I was feeling pretty religious
standing on the bridge in my winter coat
looking down at the gray water:
the sharp little waves dusted with snow,
fish in their tin armor.
That’s what I like about disappointment:
the way it slows you down,
when the querulous insistent chatter of desire
goes dead calm
and the minor roadside flowers
pronounce their quiet colors,
and the red dirt of the hillside glows.
She played the flute, he played the fiddle
and the moon came up over the barn.
Then he didn’t get the job,—-
or her father died before she told him
that one most important thing—–
and everything goes still.
Good Poems for Hard Times
What is depression? What do we know of it? There are clinical descriptions that can be gleaned from the Diagnostic Statistical Manual, 4thEdition which we therapist types wrote and the insurance companies require. There are statistics which cite how widespread this condition is. There is evidence of the devastation and human toll the condition can have when left unaddressed or minimized. There is anecdotal information that gives a human face to the condition. Charles Darwin whose intensity of sad feelings left him embarrassed and in his own words “not able to do anything one day out of three.” He wrote, “The race is for the strong.” And “I shall probably do little more but be content to admire the strides others made in science.”

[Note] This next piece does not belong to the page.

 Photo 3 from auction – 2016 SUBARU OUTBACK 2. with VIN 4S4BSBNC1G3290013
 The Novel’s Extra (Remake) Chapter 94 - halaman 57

Political leaders such as Abraham Lincoln also suffered with significant episodes of depression of profound intensity and with debilitating consequence. Artists, perhaps most famously Van Gough, have “suffered for their art”. Examples such as these have caused some to wonder if there is some “good side of depression” something in the suffering which creates a necessary environment for great insight, creativity and discovery. We think not. Depression is a crusher and must be confronted, challenged, and defeated. It should not be taken lightly or minimized.

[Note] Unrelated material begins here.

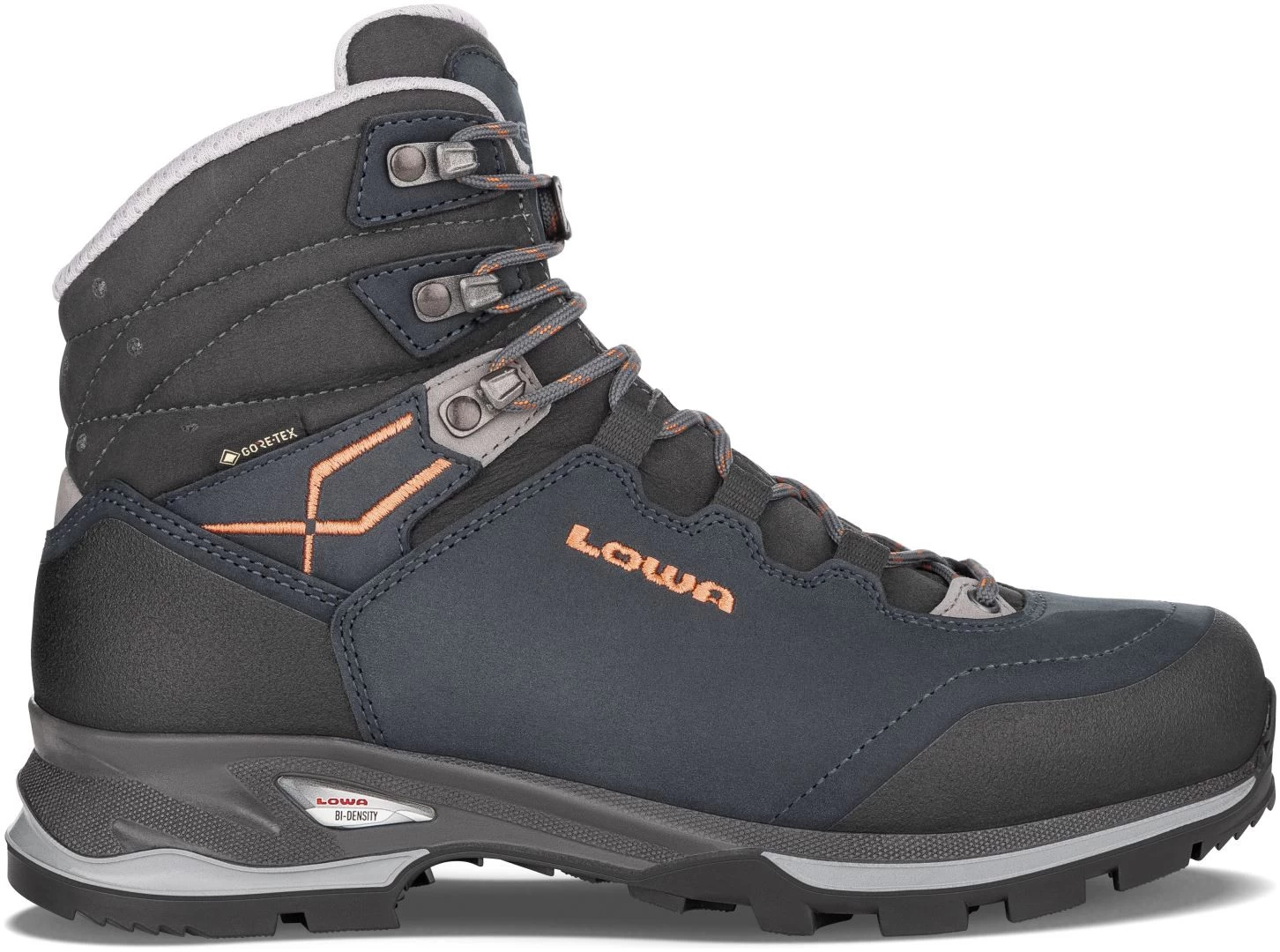 Lowa Lady Light GTX 3 Lowa Lady Light GTX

For the therapist… “depression becomes an intimate. It is poor company. Depression destroys families. It ruins careers. It ages patients prematurely. It attacks their memories and their general health. For us— for me—the truth that depression is a disease is unqualified. Depression is debilitating, progressive and relentless in its downhill course, as tough and as worthy an opponent as any doctor might choose to combat.”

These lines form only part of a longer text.